(Recorded data)
__________________________________________________

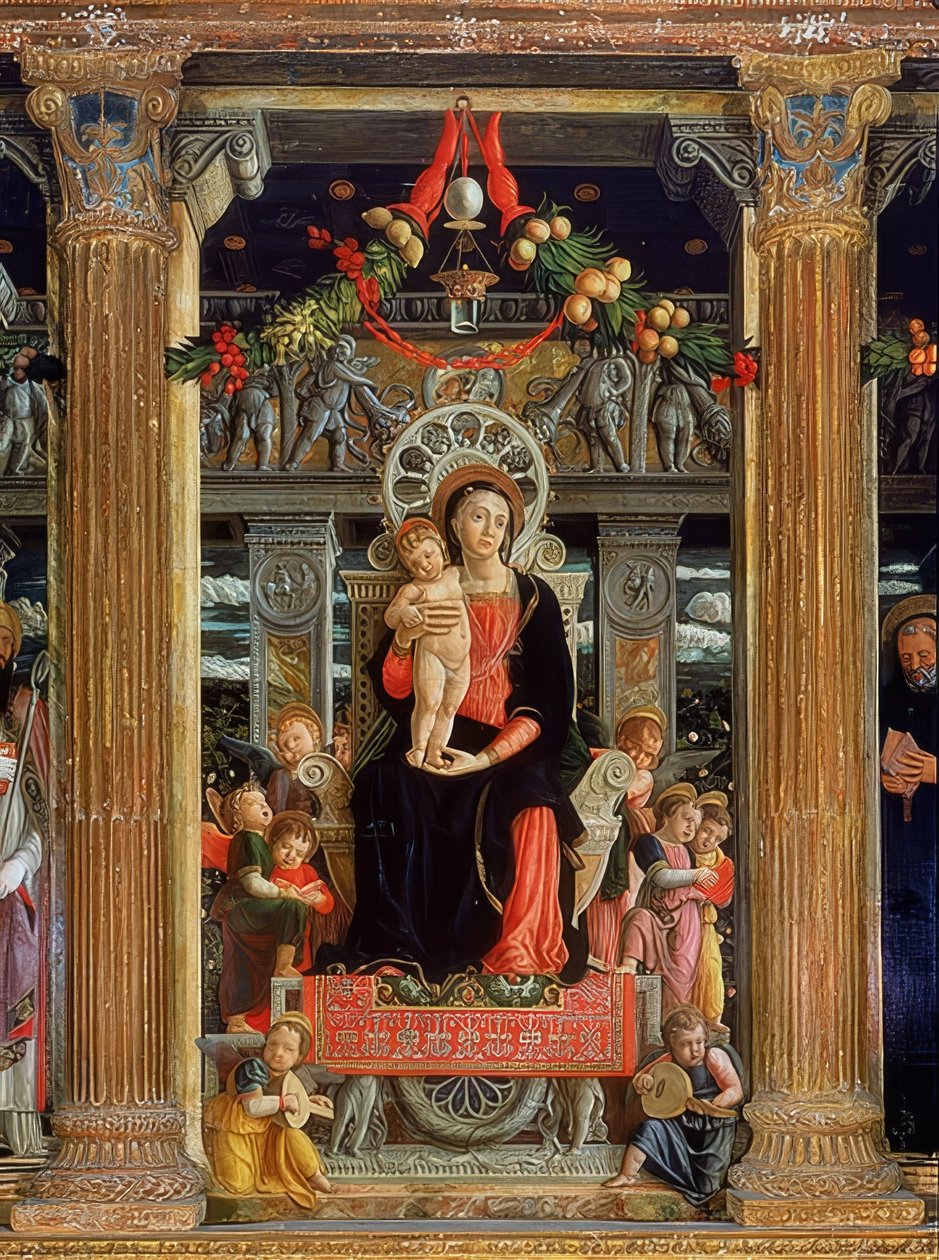 San Zeno-alteret. Sentralt panel. 1457-1460 av Andrea Mantegna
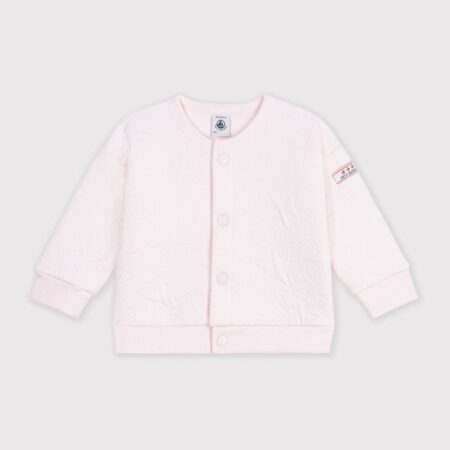 CARDIGAN TUBIQUE ETOILES ROSE/A0H1A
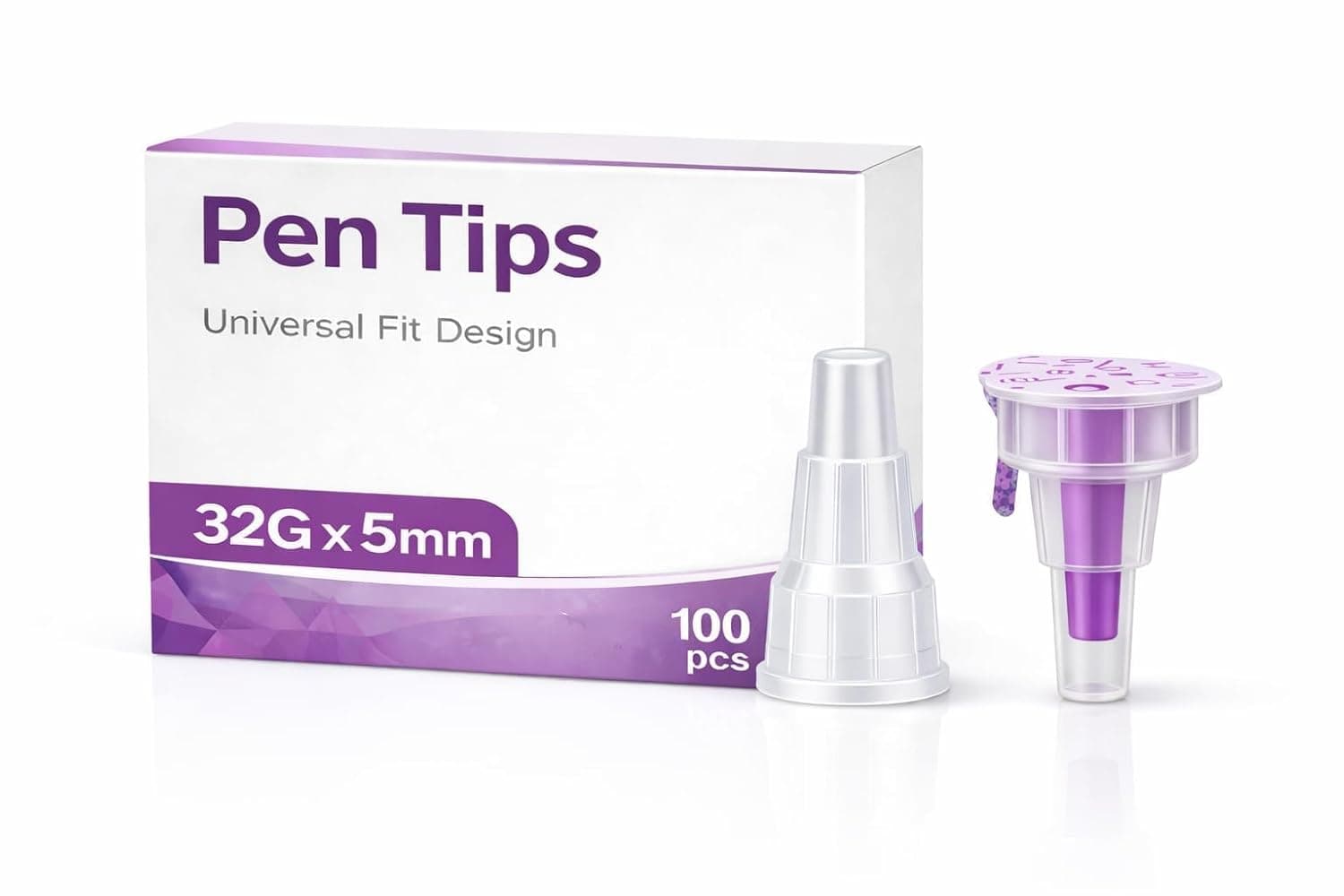Pennenålsspidser 32G x 5 mm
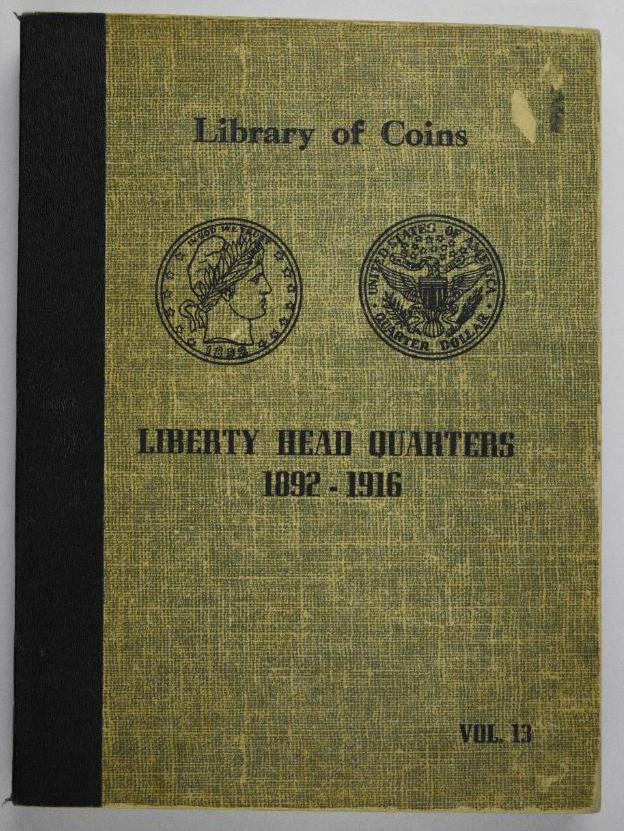 Group of (67) Barber Silver Quarters in Vintage Library (1 of 17)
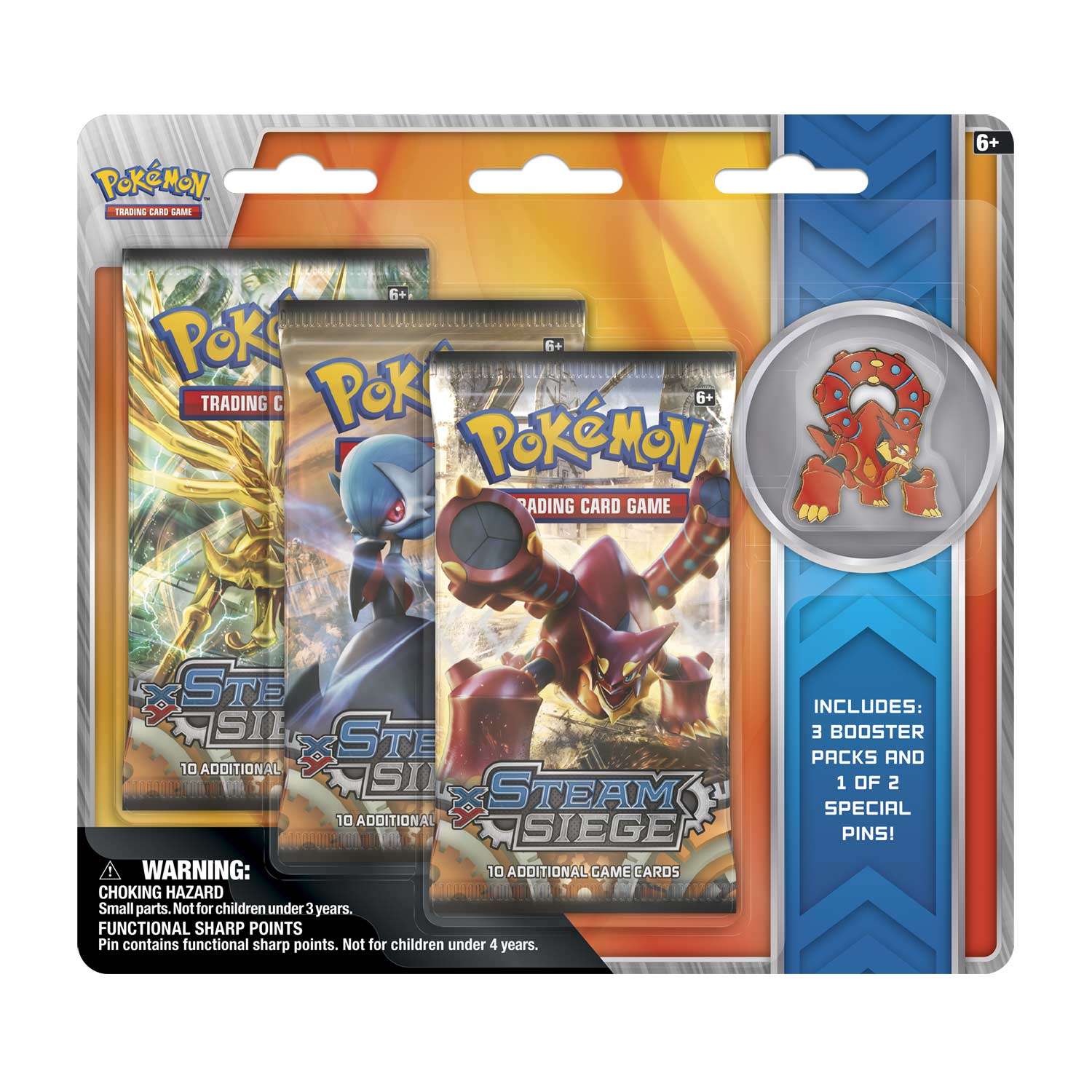 XY: Steam Siege - Collector's Pin 3-Pack Blister (Volcanion) | Devastation Store
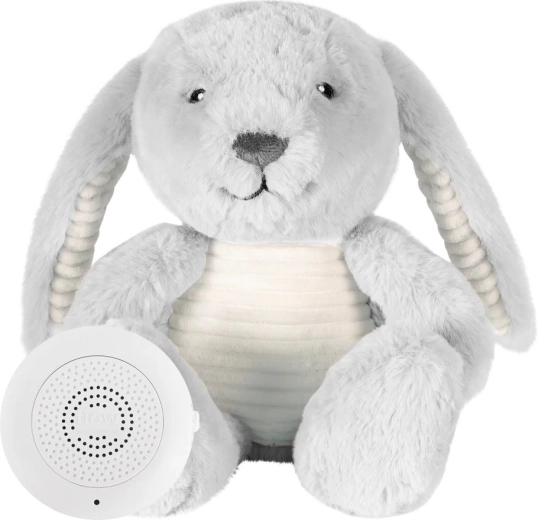 Coniglietto di peluche Flow con battito cardiaco Milo grey - 1 pezzo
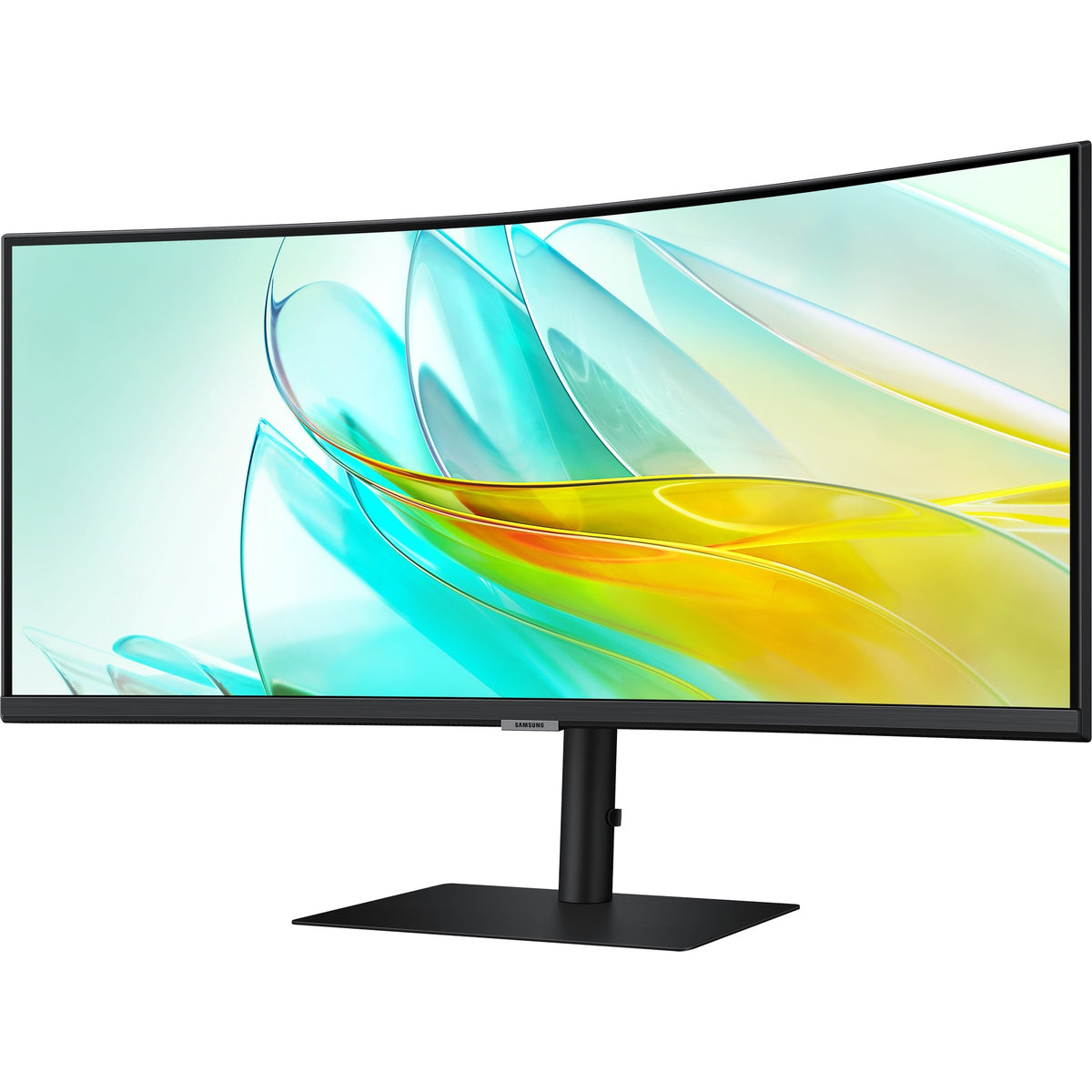 Samsung Viewfinity S6 S65UC 34 gebogener Ultrawide-Monitor (schwarz, HDMI, Displayport, 3x USB-A, USB-B, USB-C, RJ-45)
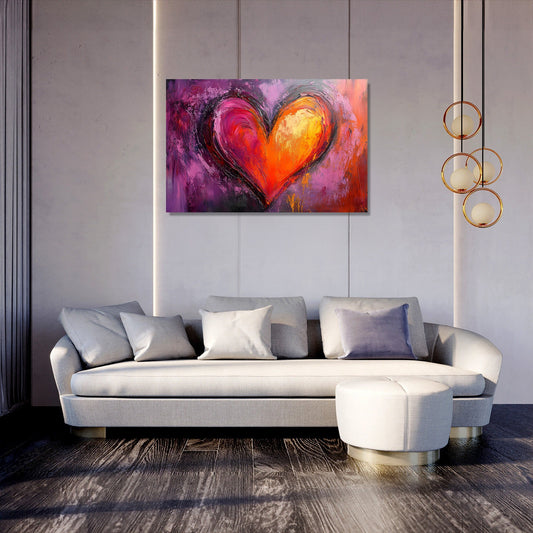 Passionate Heart Canvas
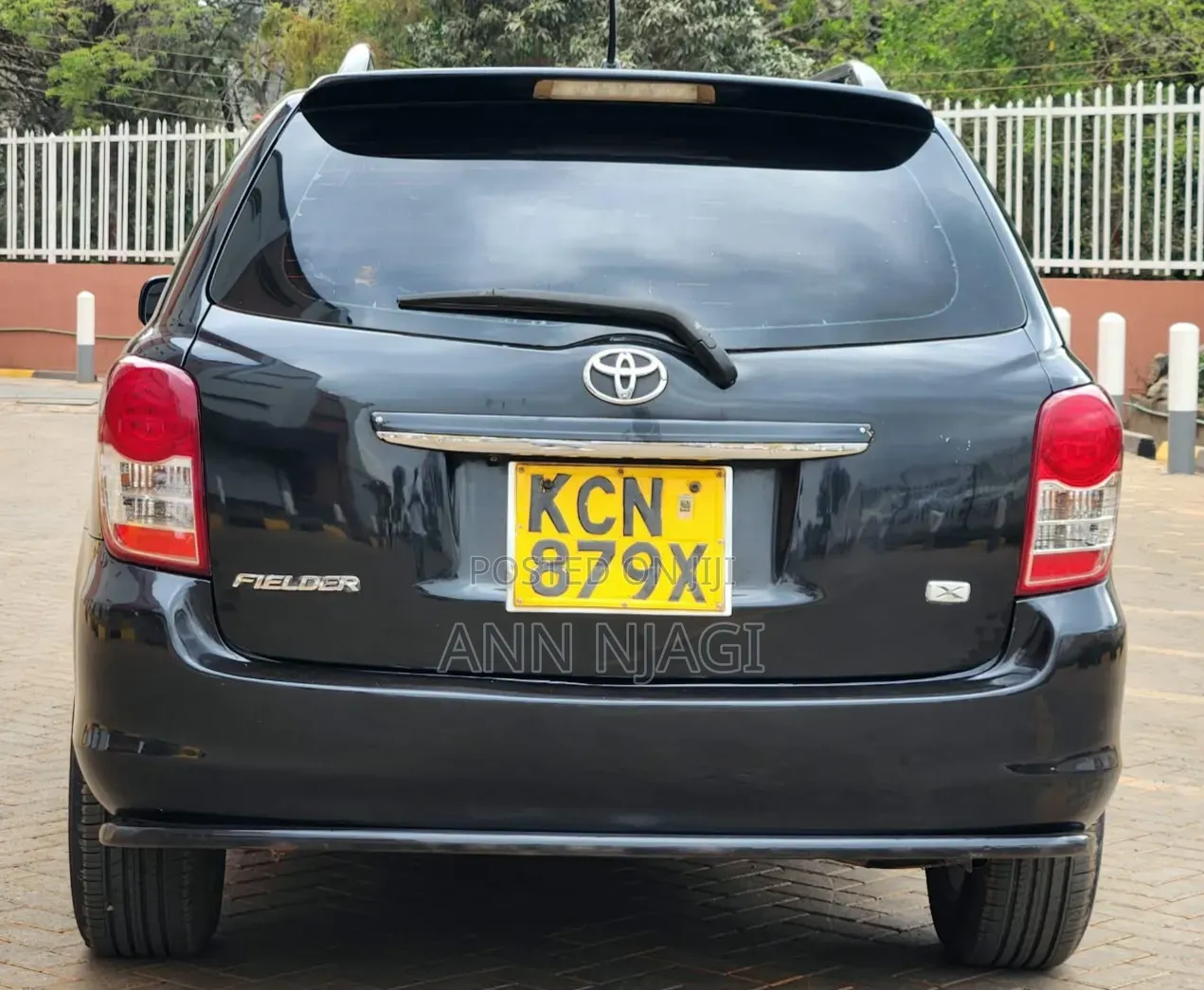 Toyota Corolla Fielder 2010 Black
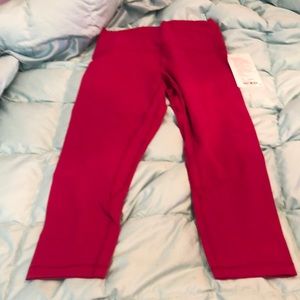 Lululemon align crop 21” size 10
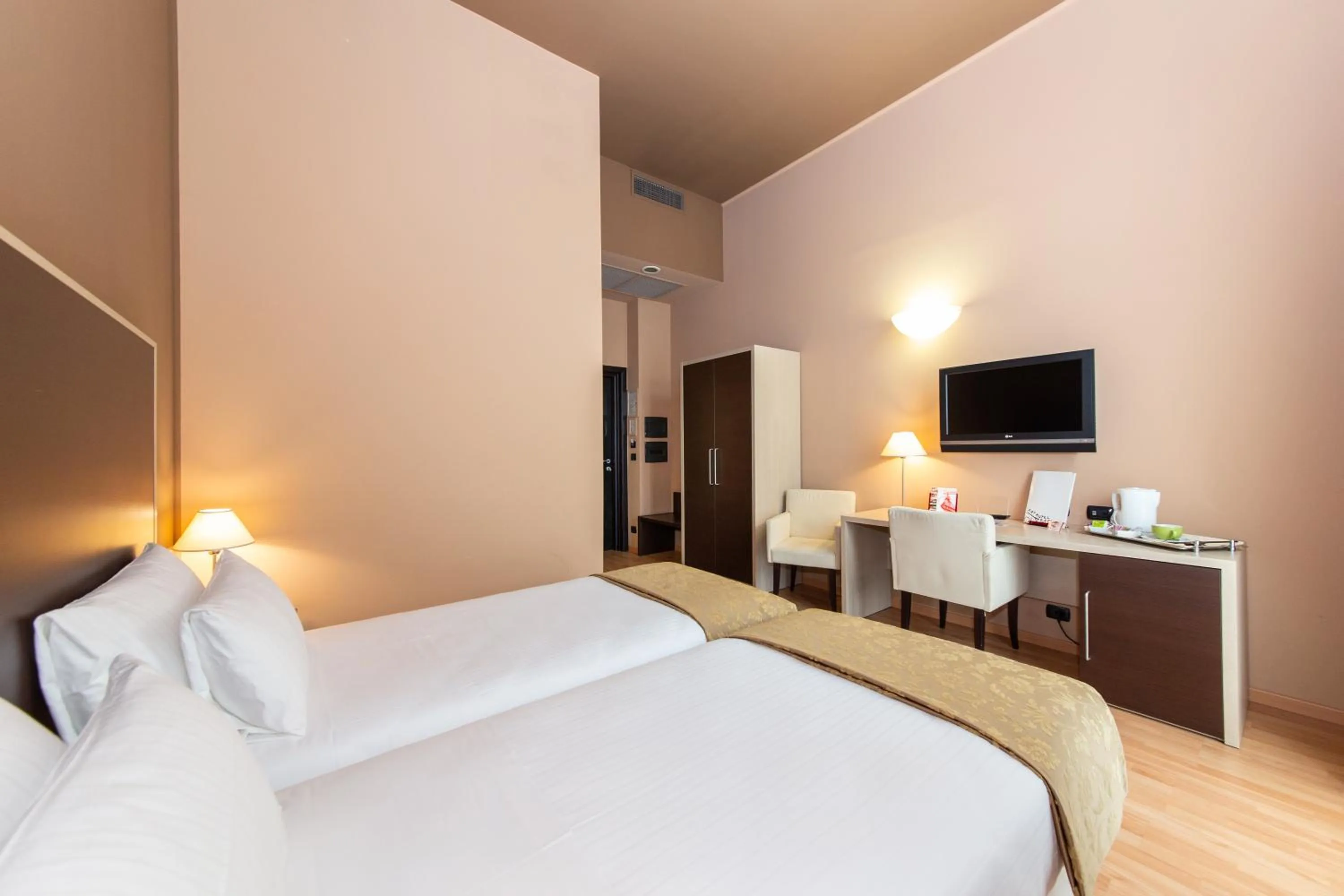 Bed in Art Hotel Olympic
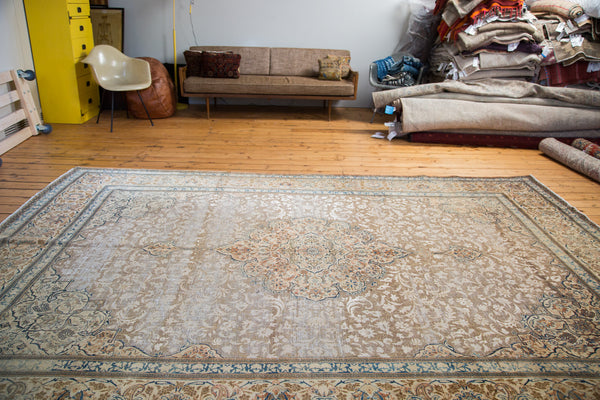9x12 Vintage Worn Tabriz Persian Rug // ONH Item 1778 Image 2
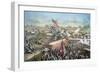 The Fall of Petersburg to the Union Army, 2nd April 1965, Engraved by Kurz and Allison, 1893-American School-Framed Giclee Print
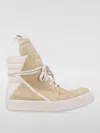 Rick Owens Hollywood Geobasket High Top Sneakers Parchment And Milk In クリーム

__________________________________________________

Set down every record exactly as written, but drop the pictures.

 San Zeno-alteret. Sentralt panel. 1457-1460 av Andrea Mantegna
 CARDIGAN TUBIQUE ETOILES ROSE/A0H1A
Pennenålsspidser 32G x 5 mm
 Group of (67) Barber Silver Quarters in Vintage Library (1 of 17)
 XY: Steam Siege - Collector's Pin 3-Pack Blister (Volcanion) | Devastation Store
 Coniglietto di peluche Flow con battito cardiaco Milo grey - 1 pezzo
 Samsung Viewfinity S6 S65UC 34 gebogener Ultrawide-Monitor (schwarz, HDMI, Displayport, 3x USB-A, USB-B, USB-C, RJ-45)
 Passionate Heart Canvas
 Toyota Corolla Fielder 2010 Black
 Lululemon align crop 21” size 10
 Bed in Art Hotel Olympic
9x12 Vintage Worn Tabriz Persian Rug // ONH Item 1778 Image 2
 The Fall of Petersburg to the Union Army, 2nd April 1965, Engraved by Kurz and Allison, 1893-American School-Framed Giclee Print
 Rick Owens Hollywood Geobasket High Top Sneakers Parchment And Milk In クリーム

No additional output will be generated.